■ Problem details
Beginning with the top line of the listing below, give again every line up to and including the line with "Artisan Leaf Yerba"; pictures do not belong in the copy.
===== Materials provided =====
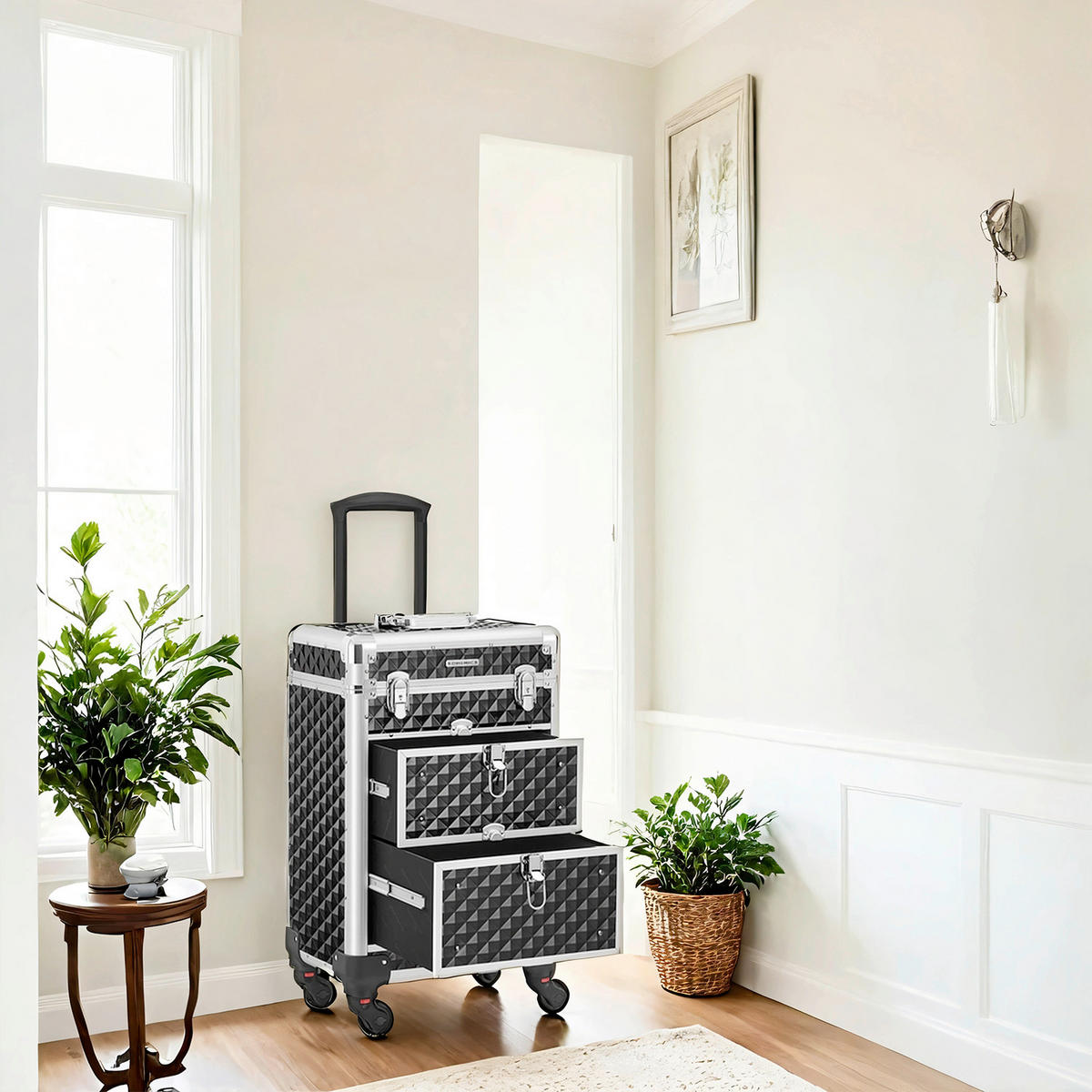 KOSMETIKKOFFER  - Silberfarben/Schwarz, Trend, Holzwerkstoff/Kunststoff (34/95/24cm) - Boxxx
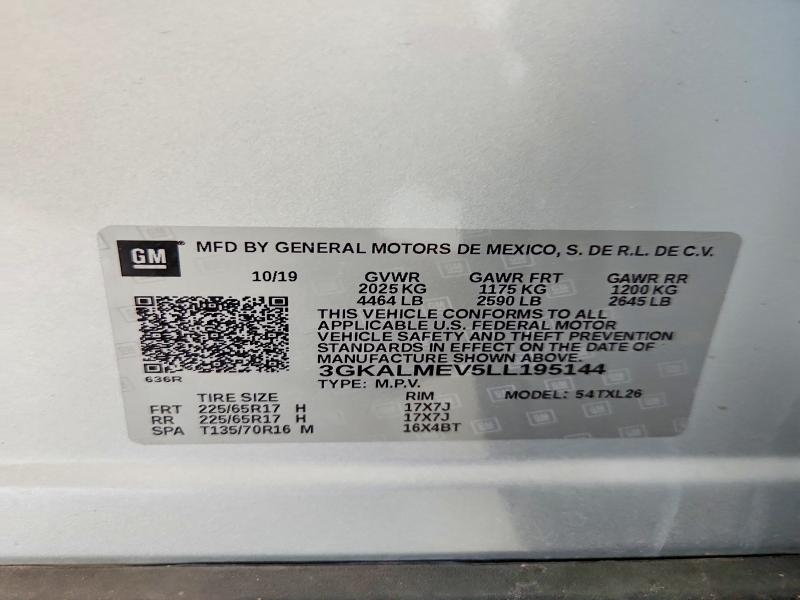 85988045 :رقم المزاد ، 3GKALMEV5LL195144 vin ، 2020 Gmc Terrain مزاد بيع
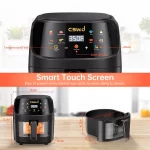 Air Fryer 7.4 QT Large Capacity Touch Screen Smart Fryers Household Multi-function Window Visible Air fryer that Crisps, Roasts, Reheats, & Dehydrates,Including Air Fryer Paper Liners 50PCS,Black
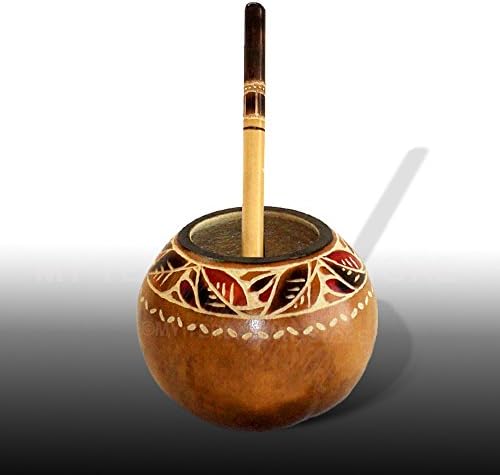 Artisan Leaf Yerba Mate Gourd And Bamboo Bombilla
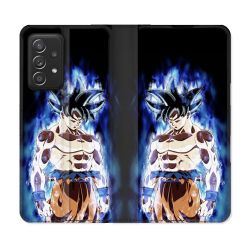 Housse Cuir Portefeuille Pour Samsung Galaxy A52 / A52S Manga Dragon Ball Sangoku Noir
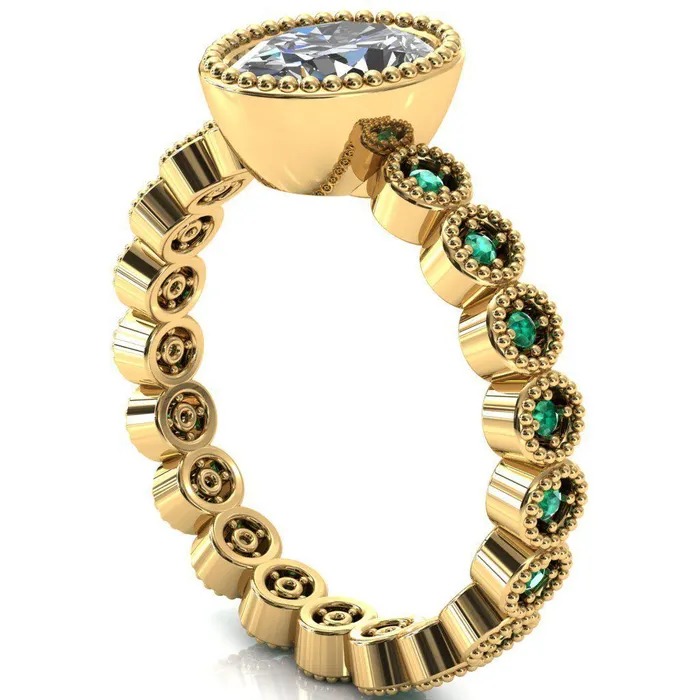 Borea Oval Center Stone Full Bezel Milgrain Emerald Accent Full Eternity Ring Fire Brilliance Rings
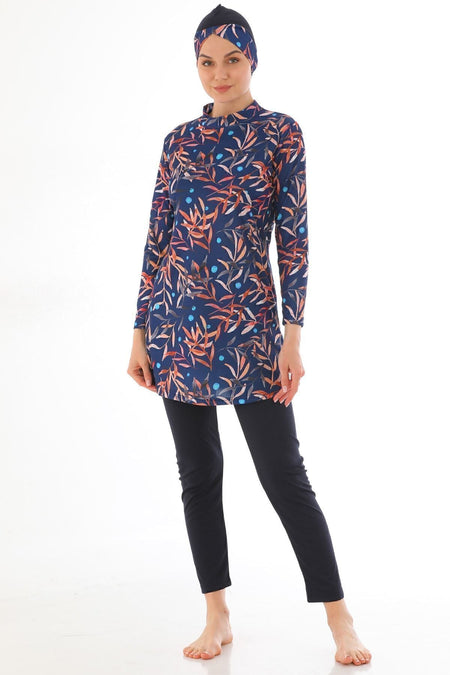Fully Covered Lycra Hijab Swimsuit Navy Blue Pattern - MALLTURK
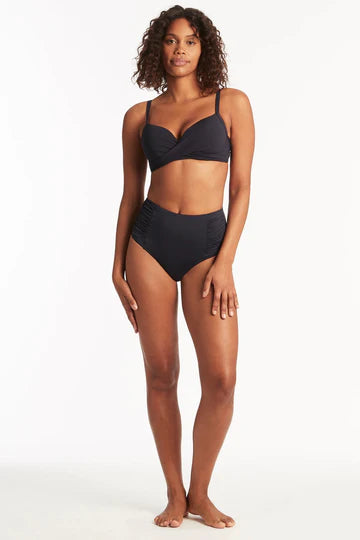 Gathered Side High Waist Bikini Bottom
=====
■ Response for this exercise
 KOSMETIKKOFFER  - Silberfarben/Schwarz, Trend, Holzwerkstoff/Kunststoff (34/95/24cm) - Boxxx
 85988045 :رقم المزاد ، 3GKALMEV5LL195144 vin ، 2020 Gmc Terrain مزاد بيع
 Air Fryer 7.4 QT Large Capacity Touch Screen Smart Fryers Household Multi-function Window Visible Air fryer that Crisps, Roasts, Reheats, & Dehydrates,Including Air Fryer Paper Liners 50PCS,Black
 Artisan Leaf Yerba Mate Gourd And Bamboo Bombilla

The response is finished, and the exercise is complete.